Now, we can begin to unroll the relation with unroll level
r
:
T(n) = T(n / 2) + q
= T(n / 4) + q + q
= T(n / 8) + q + q + q
= T(n / 2^r) + qr
The base case is reached when n / 2^r = 1
, so
r = log2(n)
. Substituting:
T(n) = T(1) + qlog2(n)
= k + qlog2(n)
Using properties of the logarithm we know that
log2(n) = log(n)/log(2)
. Since
1/log(2)
is a constant, it can be pulled out and
combined with the other constants so that the algorithm is
O(K + log(n))
. In this case, log(n)
still grows much faster than the constant K
, so the
algorithm is O(log(n))
, or logarithmic time. Below
is an approximate graph of linear time and logarithmic time.
^ time
| /
| /
| / ---/
| / --/
| /-/
|/
-+-----------> n
|
Since the linear curve is always above the logarithmic curve, a linear time algorithm will take more time to run than a logarithmic time algorithm for a similar sized input. This proves that the binary search algorithm is much faster than linear search for large enough inputs, provided that the conditions are met.
This same analysis can be applied for any recursive algorithm, although the algebra required to solve for the final runtime complexity may differ.
Conclusion
Time complexity is a powerful tool to rate the how efficient
an algorithm may be. However, it is important to note that
runtime complexity is not the entire picture when it comes to
real time. This abstraction totally ignores things like the time
and space it takes to call and destroy functions, which is
especially important when looking at recursive algorithms.
Typically, the algorithm with a faster runtime complexity is the
one which should be used, although it is necessary to way the
pros and cons of each algorithm.
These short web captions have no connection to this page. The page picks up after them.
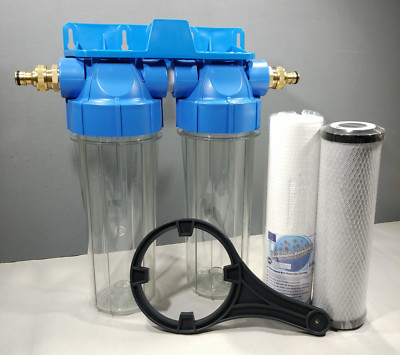 2 Stufen HMA High Flow Wasserfilter KOI Teich Entchlorer Chlorentfernung 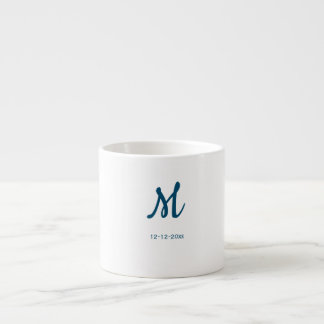 personalised simple monogram add your name wedding espresso cup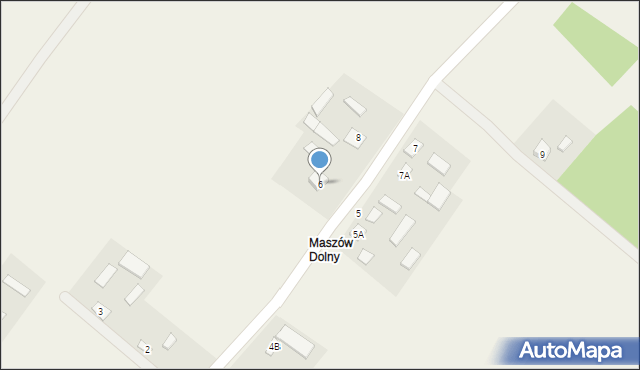 Maszów, Maszów Dolny, 6, mapa Maszów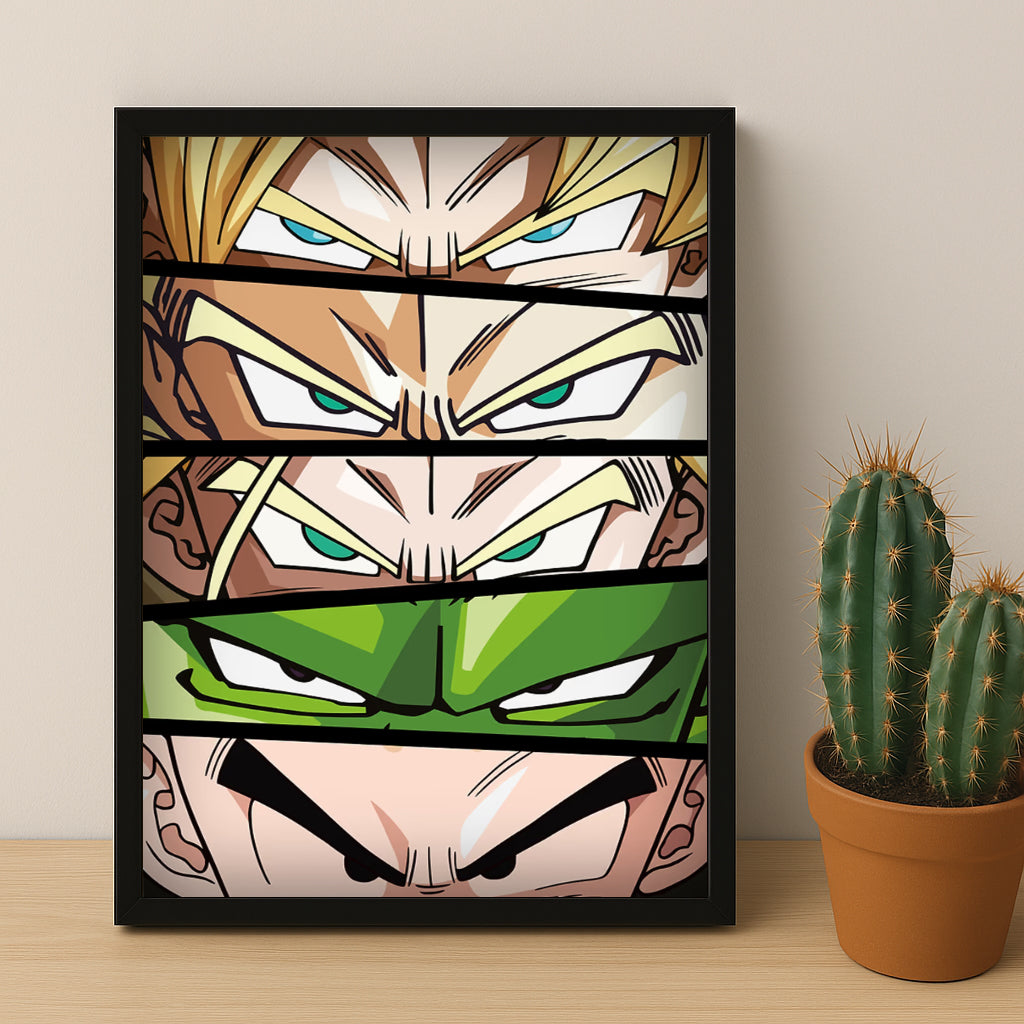 Poster Dragon Ball Z - Eyes Heroes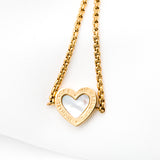 Michael Kors Gold-toned Mother Of Pearl Heart Adjustable Bracelet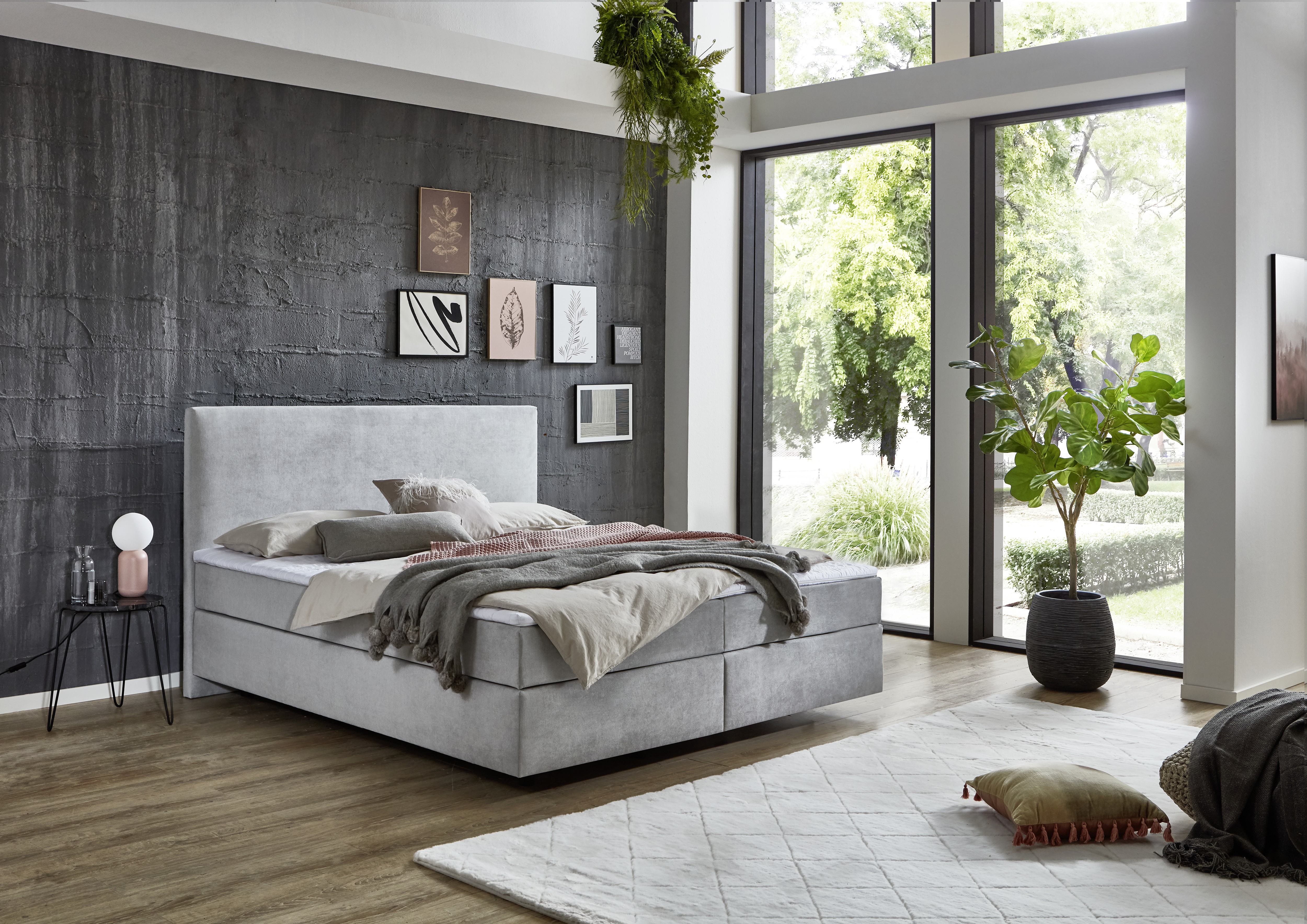 Boxspringbett, Stoff Savana melange - KS25 Sotina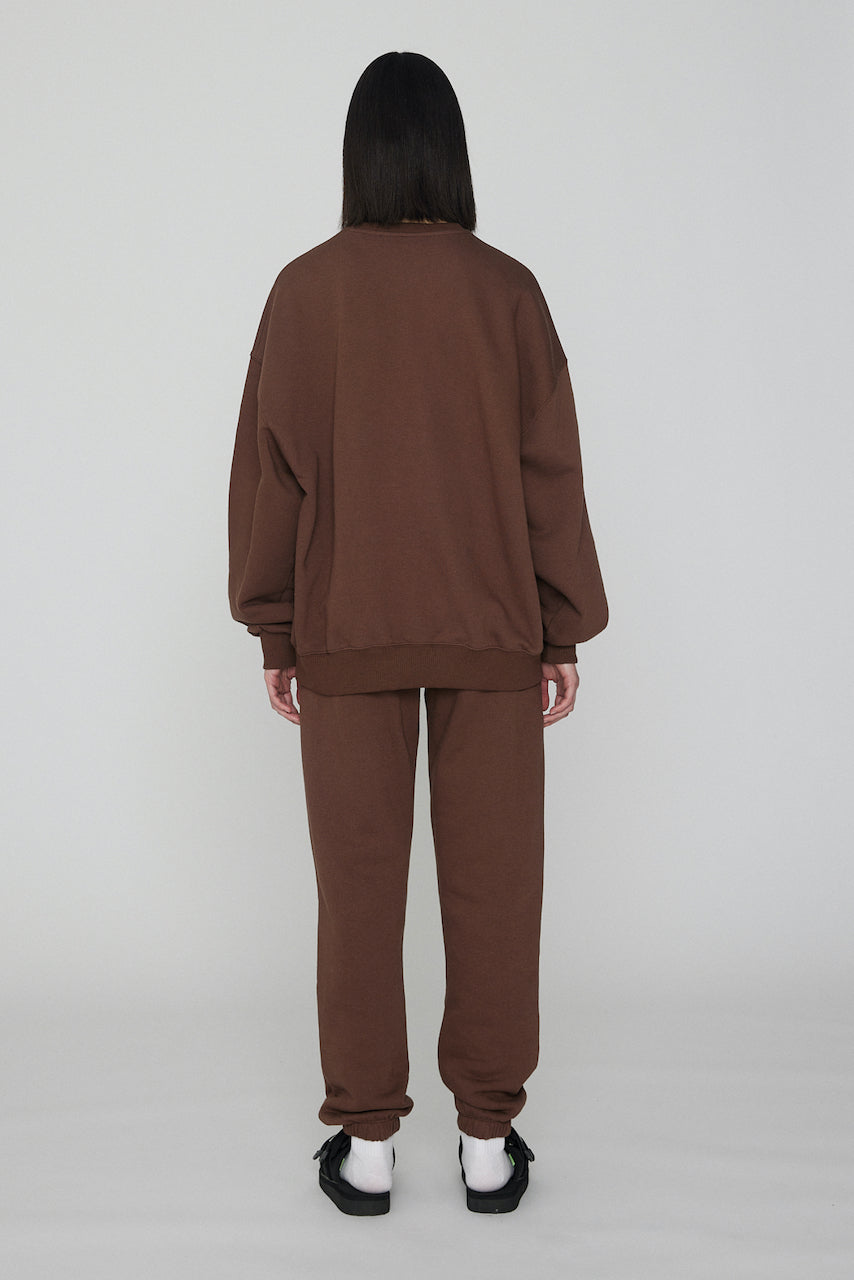 New Logo Sweatpants chestnut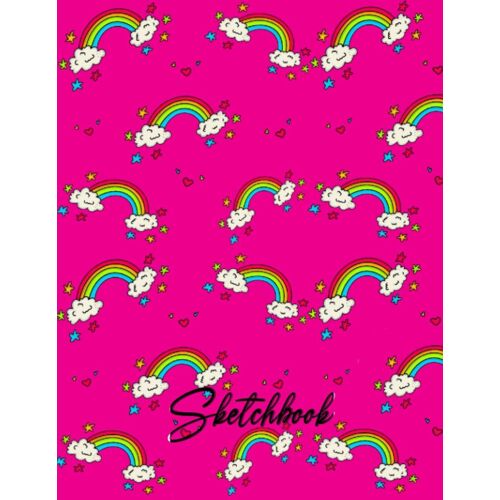 Sketchbook: Large Blank Sketchbook For Girls | Doodling, Journal ,Sketching | Wide Papers 8.5 X 11 - Doodle Pad (Sketch Books For Kids)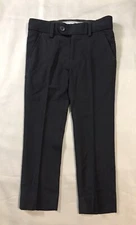 Appaman Dress Pants Boys 4T Black Adjustable Waist Pockets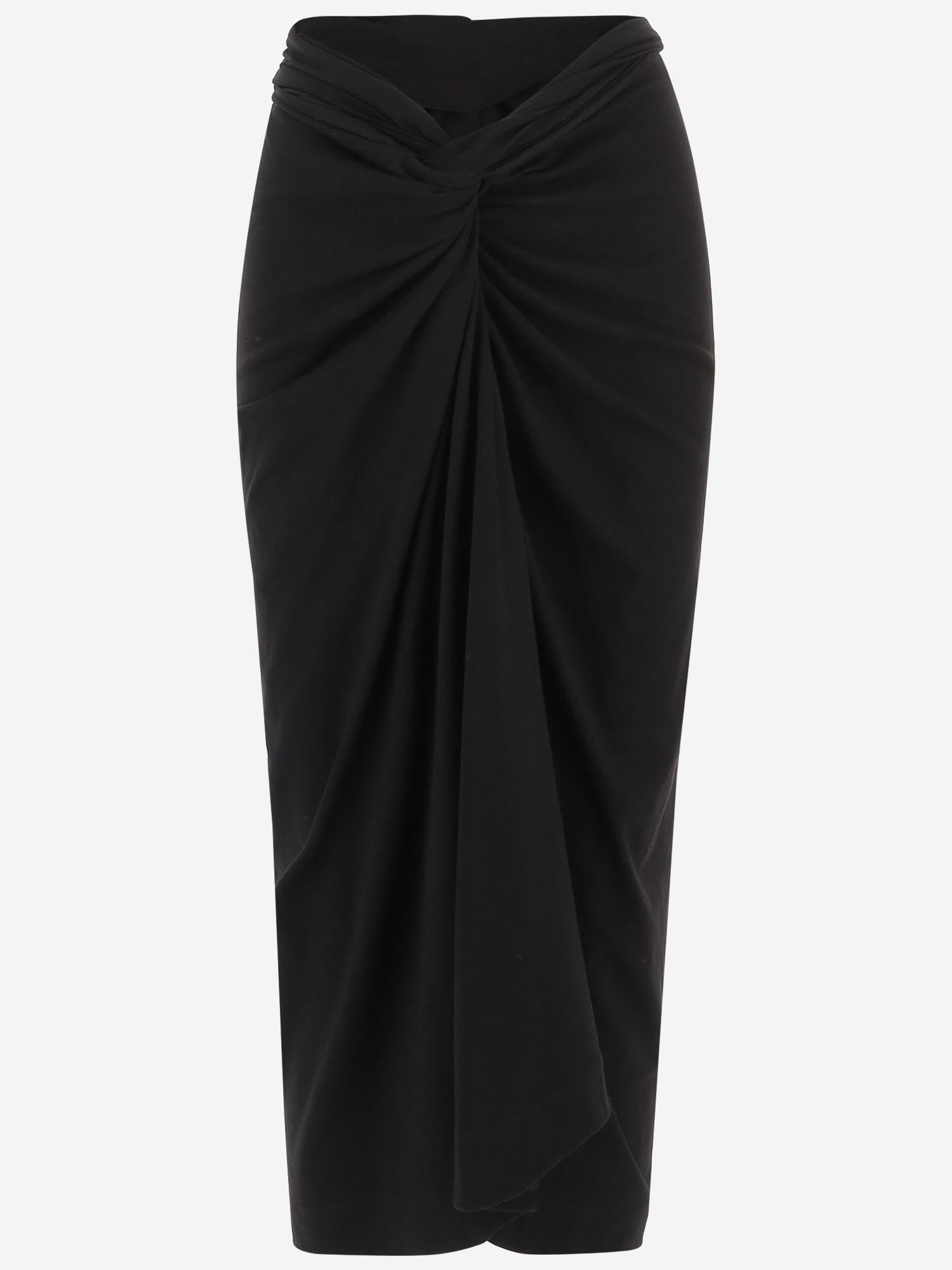 GONNA IN COTONE 011109 3603900 DRIES VAN NOTEN 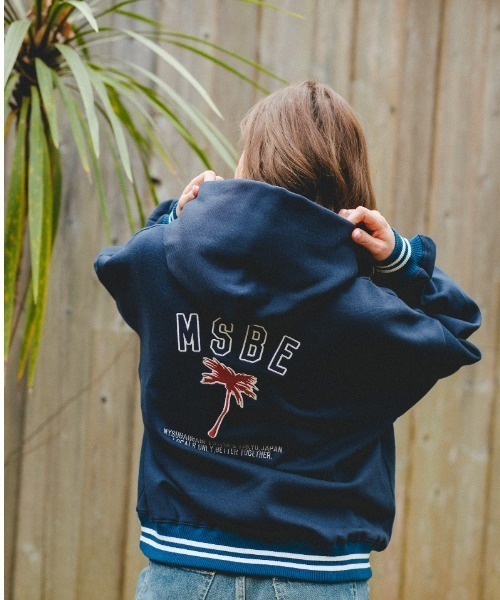 My Sugar Babe パーカー oversized three-tone hoodie メンズ
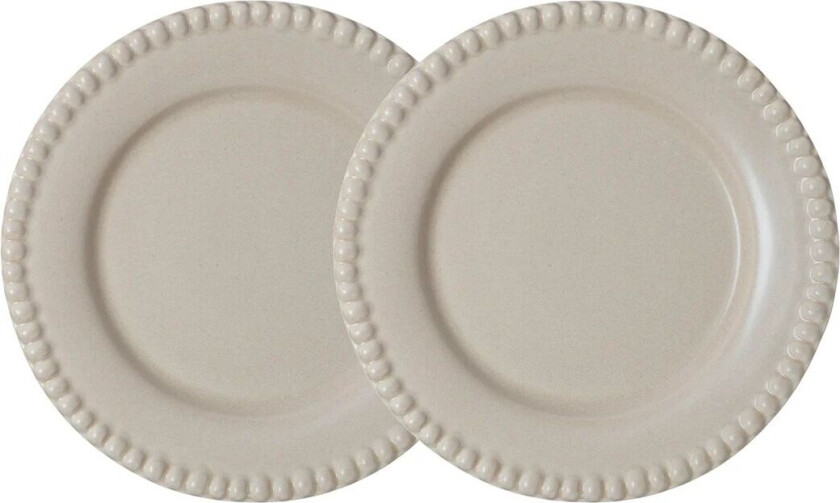 Daria desserttallerken Ø22 cm 2-stk. Sand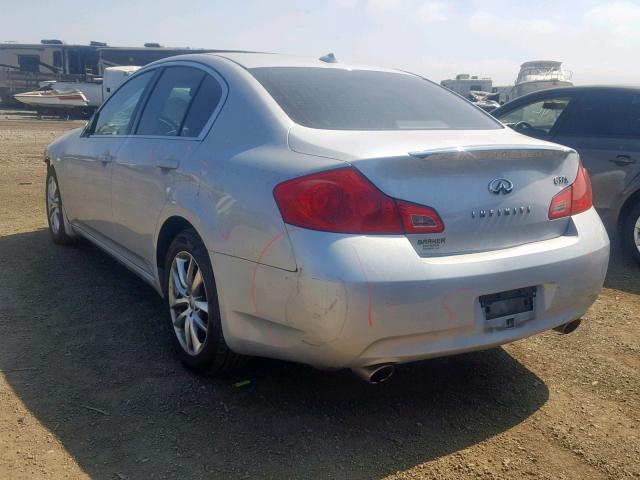 JNKCV61F19M364579 - 2009 INFINITI G37 SILVER photo 3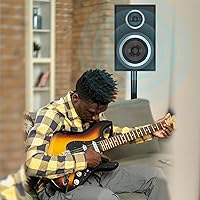 Vista 8 de Soporte de trípode para altavoces de escenario, altura ajustable de 89 a 152 cm, universal, resistente, inserto compatible de 35 mm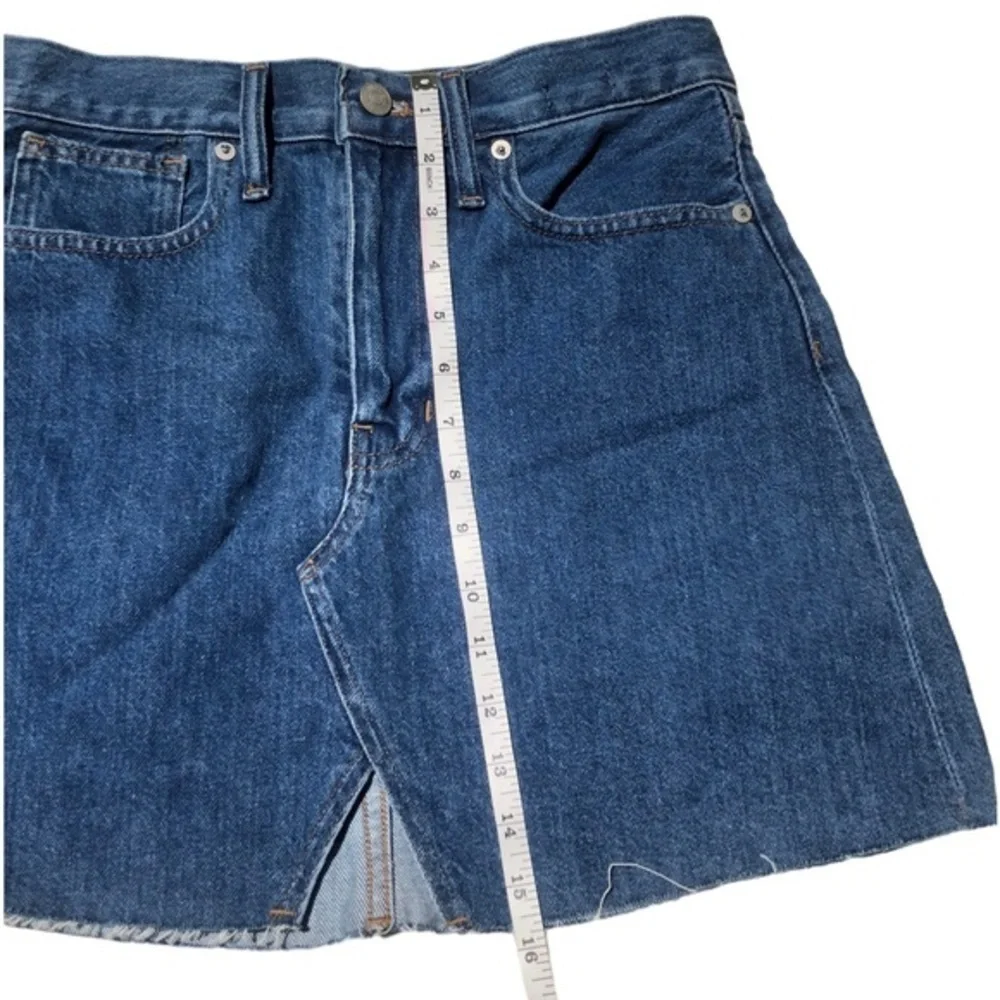 Madewell Denim A-Line Mini Skirt Blue Size 26
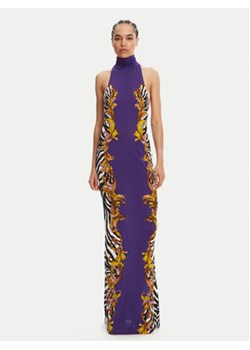 Versace Jeans Couture Sukienka wieczorowa 78HAO9P5 Fioletowy Slim Fit ze sklepu MODIVO w kategorii Sukienki - zdjęcie 180448817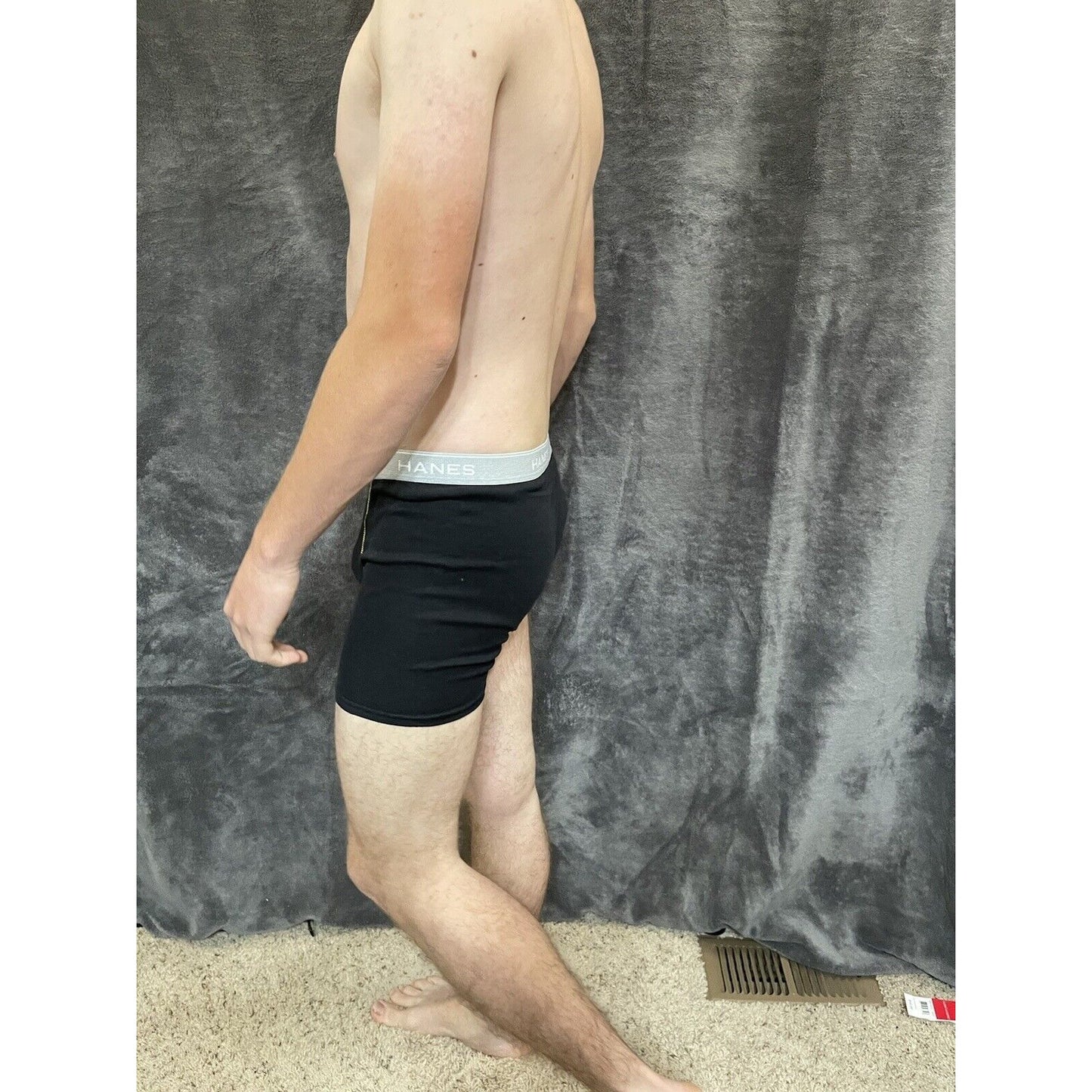 boy's youth XL black with yellow boxer brief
Merge sort, for instance,
requires best and worst case time of nlog(n)
,
though it requires creating and destroying many sub-lists, which
may take a fair bit of memory. Other sorts such as quick sort
may have a worst case performance of n^2
, though
they operate in-place and typically run at around
nlog(n)
speed, much like merge sort.
It is also necessary to note that oftentimes, developing a slow algorithm is very simple while devising a faster algorithm can be much more difficult and, in some cases, may be impossible.
Big-O and time complexity are essential tools to have as a programmer and computer scientist, though sometimes it requires a little extra consideration to determine which algorithm is best suited for a given scenario.